The Role of CFD: Optimizing Heat Exchanger Performance

Designing heat exchangers that can operate under these extreme conditions is no small feat. To ensure the best possible design, DESOLINATION is using Computational Fluid Dynamics (CFD)—a powerful computer tool that models how fluids flow and how heat is transferred in complex systems.

CFD allows the project team (particularly TEMISTh) to simulate the performance of the heat exchanger in a virtual environment. This includes analyzing key factors such as:

  • Thermal efficiency: How well the exchanger transfers heat from one fluid to another.
  • Pressure drop: The reduction in pressure that occurs as the fluid flows through the heat exchanger, which can impact overall system performance.
  • Thermomechanical constraints: The structural stresses the exchanger must withstand at high temperatures and pressures.

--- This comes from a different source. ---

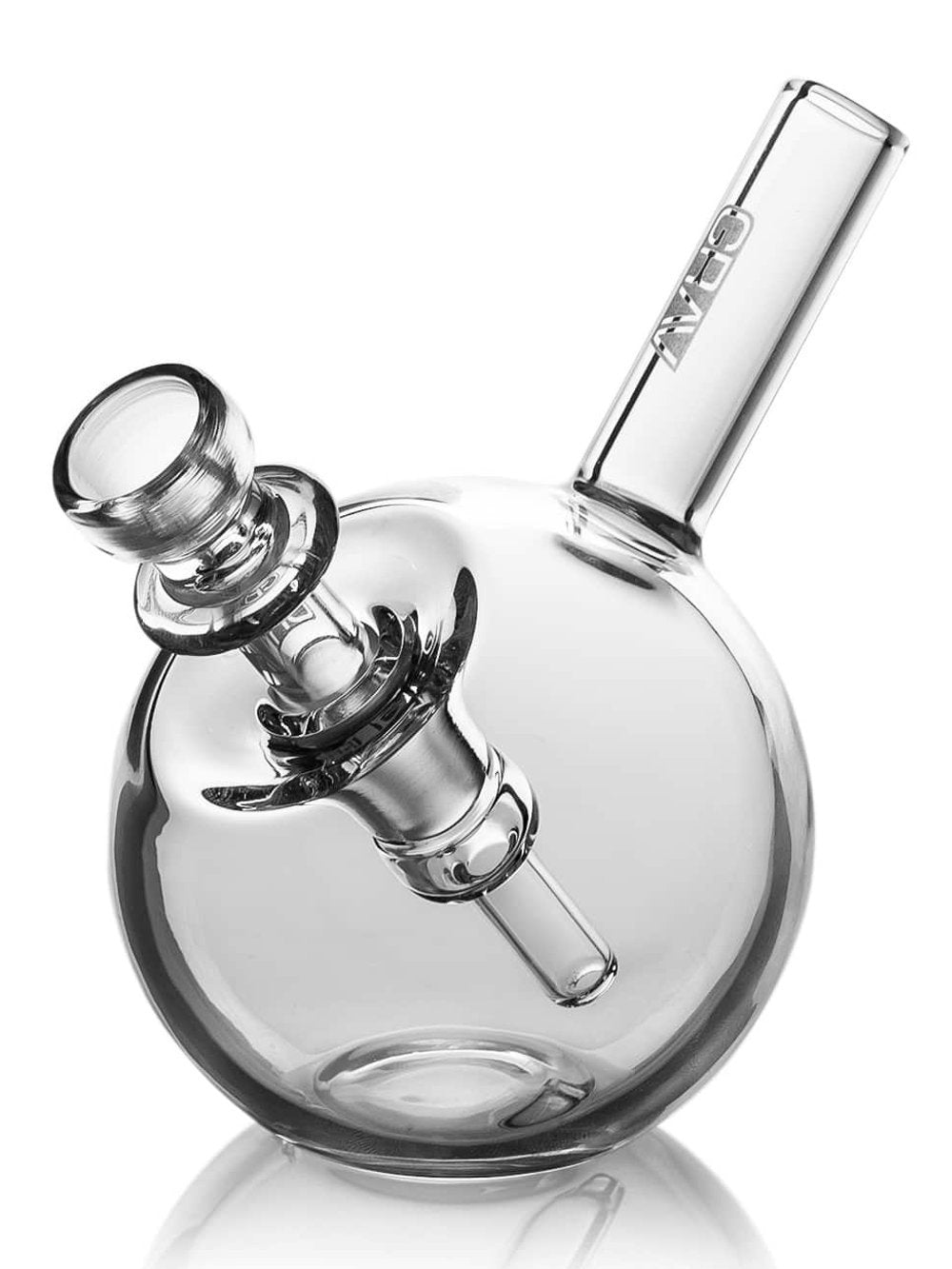 Grav Spherical Pocket Bubbler Fat Buddha Glass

By using CFD, the team can find the optimal balance between thermal efficiency and pressure drop, ensuring the heat exchanger performs well while remaining durable.

What Are Heat Exchangers and Why Are They Important?

A heat exchanger is a device that transfers heat from one fluid (either a liquid or gas) to another. In energy systems, they are essential for converting heat into usable power. In the DESOLINATION project, the goal is to create highly efficient heat exchangers that can operate under extreme conditions—temperatures as high as 600°C and pressures up to 250 bars. These conditions are required for a supercritical carbon dioxide (sCO2) Brayton cycle, a process that uses heat to generate electricity more efficiently than traditional steam cycles.

Real-World Testing at King Saud University

After fine-tuning the design using CFD, the next step is real-world testing. The team plans to run these heat exchangers for 4,000 hours at a pilot plant in King Saud University. These tests will move the project closer to Technology Readiness Level (TRL) 7, meaning the technology will be ready for deployment in real-world systems.

The Role of CFD: Optimizing Heat Exchanger Performance

The preliminary results from these simulations are promising. The team believes that their designs could push the limits of what’s possible for heat exchangers in sCO2 Brayton cycles. If successful, these innovations will pave the way for more efficient concentrating solar power (CSP) plants, where solar energy is concentrated to generate high levels of heat, which can then be used to produce electricity.

CFD: More Than Just an Engineering Tool

Beyond its technical capabilities, CFD has also proven to be a powerful communication tool. The simulations it creates provide visually engaging representations of how heat and fluids move through the system, making it easier to explain the science behind the project to a broader audience.

By using CFD to design and optimize these cutting-edge heat exchangers, the DESOLINATION project is taking a huge step toward more sustainable and efficient energy systems, bringing us closer to a future where desalination can be powered by clean, renewable energy.